Scientists have developed a new material that could solve one of the most annoying issues faced by smartphone users.

The material is transparent, highly stretchable, conductive and most importantly, self-healing. It literally repairs itself when cracked or torn.

Created by chemists at the University of California at Riverside and the University of Colorado, it will likely have numerous uses in robotics and consumer electronics and could ultimately make your cracked iPhone screen a thing of the past.

“Creating a material with all these properties has been a puzzle for years,” one of the leading researchers, Chao Wang, said in a statement.

“We did that and now are just beginning to explore the applications.”

Perhaps due to their ubiquity, some people have gone so far as to suggest a broken phone screen is a status symbol — a testament to one’s high-paced life. But for those of us who don’t want to prove our social mobility by breaking our stuff, such a material could be a godsend.

Speaking to Science Daily, Wang said the team conducted a number of experiments on the material’s ability to repair itself. In one instance, after being torn in half, it automatically stitched itself back together in under 24 hours.

According to his university, Wang developed an interest in self-healing materials because of his lifelong love of Wolverine, the comic book character who has the ability to self-heal.
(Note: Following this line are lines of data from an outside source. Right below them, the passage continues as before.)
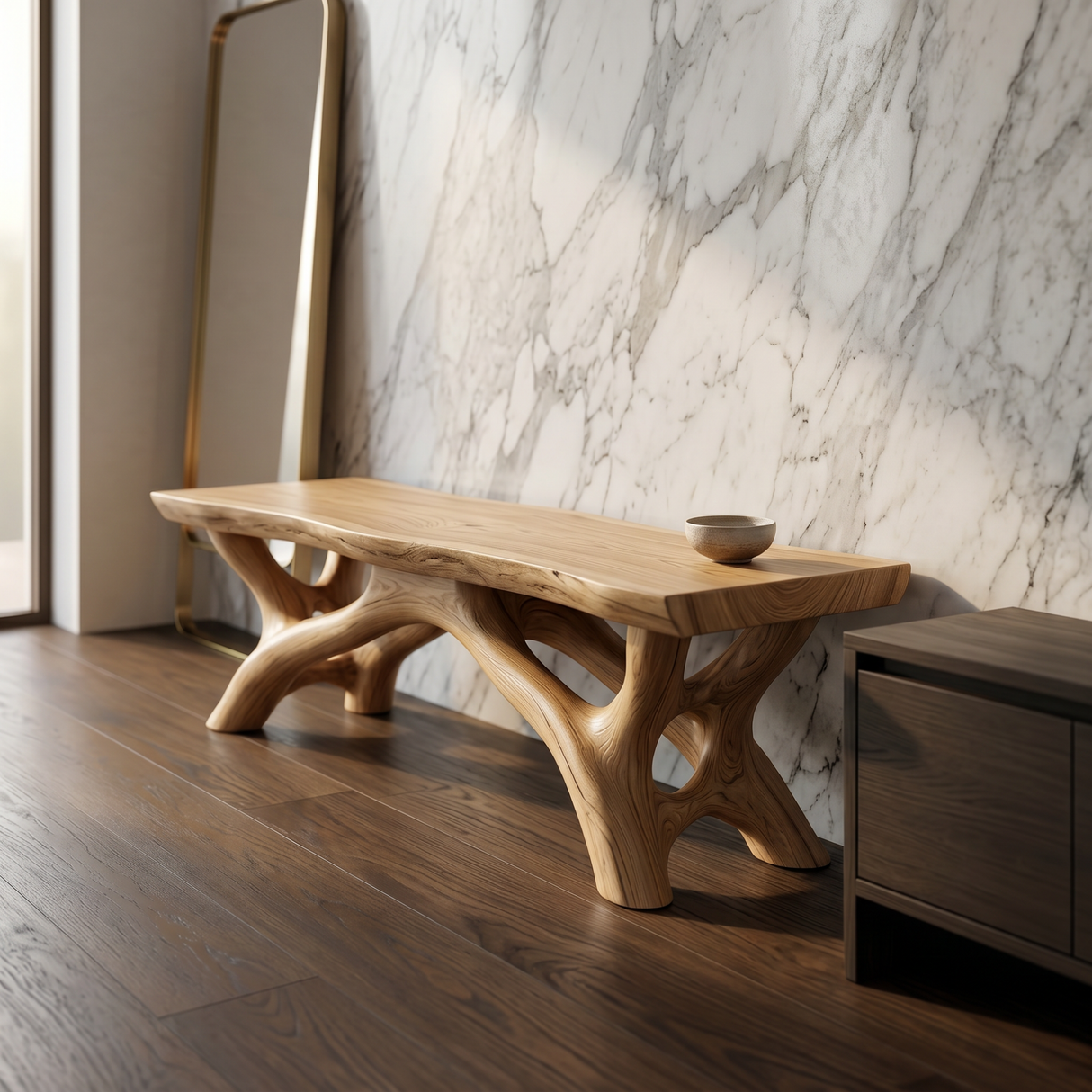 Garden Bench Solid Wood with Branch Sculptural Legs for Outdoor Seating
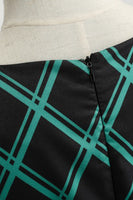 Laden Sie das Bild in den Galerie-Viewer, Swing Grünes kariertes Rockabilly Kleid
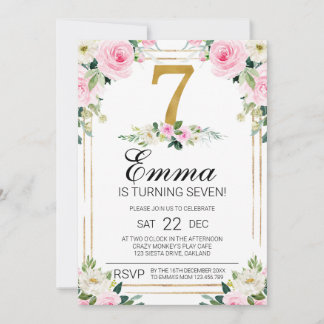 Meisjes Roze & Goud 7e Verjaardag uitnodiging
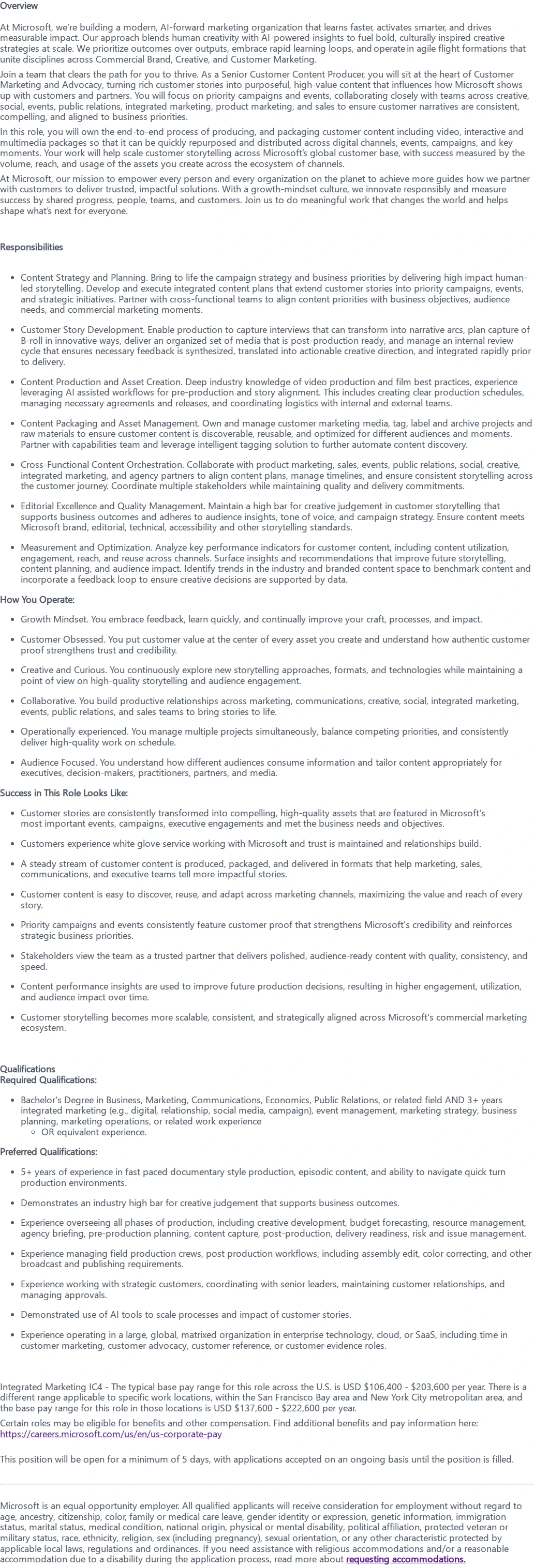 마이크로소프트(Microsoft) Senior Customer Content Producer 채용공고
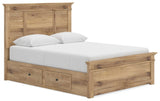 Fenderport Tan Queen Panel Storage Bed with Panel Footboard and Under Bed Storage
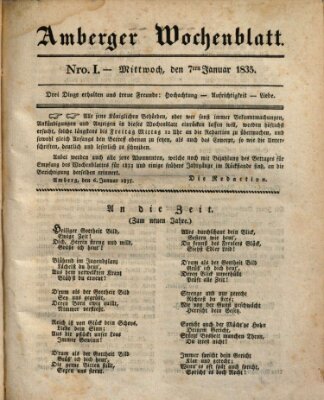 Amberger Wochenblatt (Oberpfälzisches Wochenblat) Mittwoch 7. Januar 1835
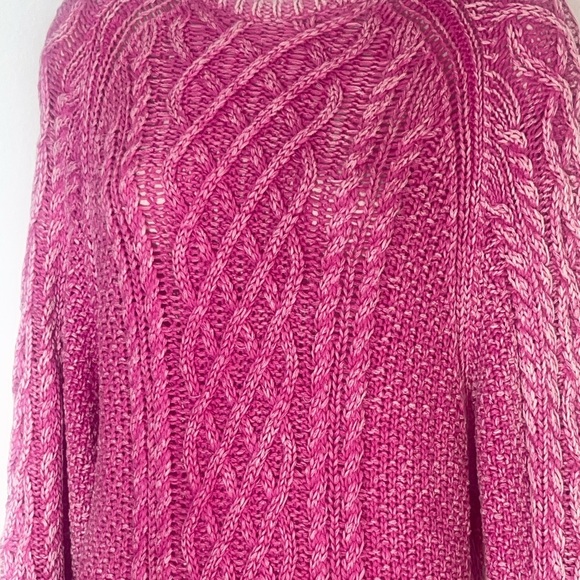 Free people sweater dress pink cable knit long sleeve pullover tunic size xs - Picture 3 of 8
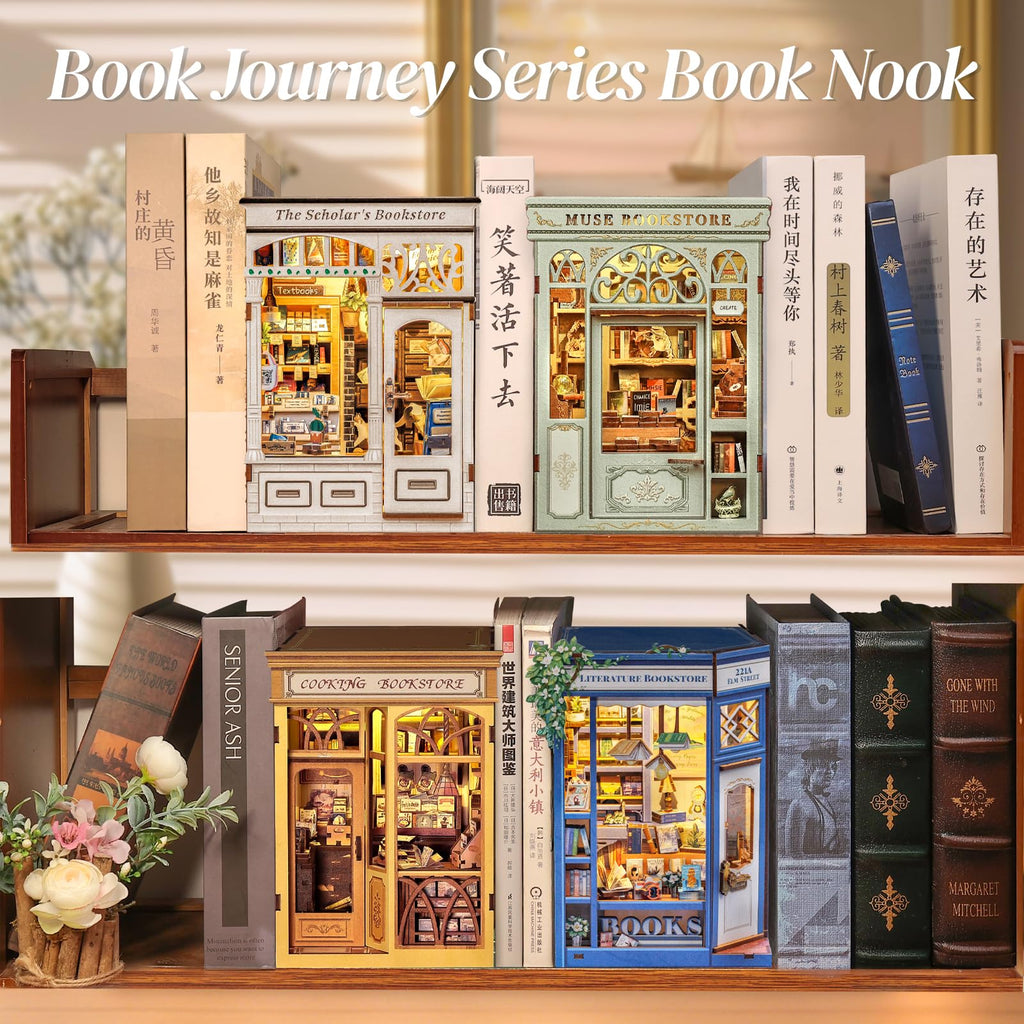 CUTEBEE Book Nook Kit – DIY Miniature House for Bookshelves | Literature Bookstore Decor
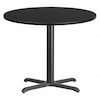 Flash Furniture Round Laminate Table Top, 36" W, 36" L, 31.125" H, Black XU-RD-36-BLKTB-T3030-GG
“He could save the world, but only because he could heal himself. A self-healing material, when carved into two parts, can go back together like nothing has happened, just like our human skin,” he said.

“I’ve been researching making a self-healing lithium ion battery, so when you drop your cellphone, it could fix itself and last much longer.”

The low-cost, easy-to-produce, soft, rubber-like material can stretch to 50 times its original length.

Wang believes such a material will be used in the manufacturing of mobile phones “very soon.”

And because the material can conduct electricity, it could be used to provide scratch-resistant and incredibly durable smartphone screens.

So how did they develop it?

The research was published in the journal Advanced Material back in December but has received widespread attention since the research team presented their work at a meeting of the American Chemical Society on Tuesday.

The secret to developing the material was producing a forgiving chemical bond between molecules that was stable under electrochemical conditions.

Very basically, as Wang explained, there are two types of bonds that exist in materials. These are covalent bonds, which are strong and don’t reform once broken, and non-covalent bonds, which are more dynamic.

For example, the hydrogen bonds that connect water molecules to one another are non-covalent, giving water its fluid properties.

However, materials made out of substances with such bonds are not suitable for ionic conductors (necessary for the use in electronics) because they are affected by electrochemical reactions which diminish performance.

The team helped solve that problem by using a mechanism called an ion-dipole interaction, which is the force between charged ions and polar molecules. It’s highly stable under electrochemical conditions, the university said.

By combining the stretchable polymer with a mobile, high-ionic-strength salt, the researchers were able to create the properties they wanted.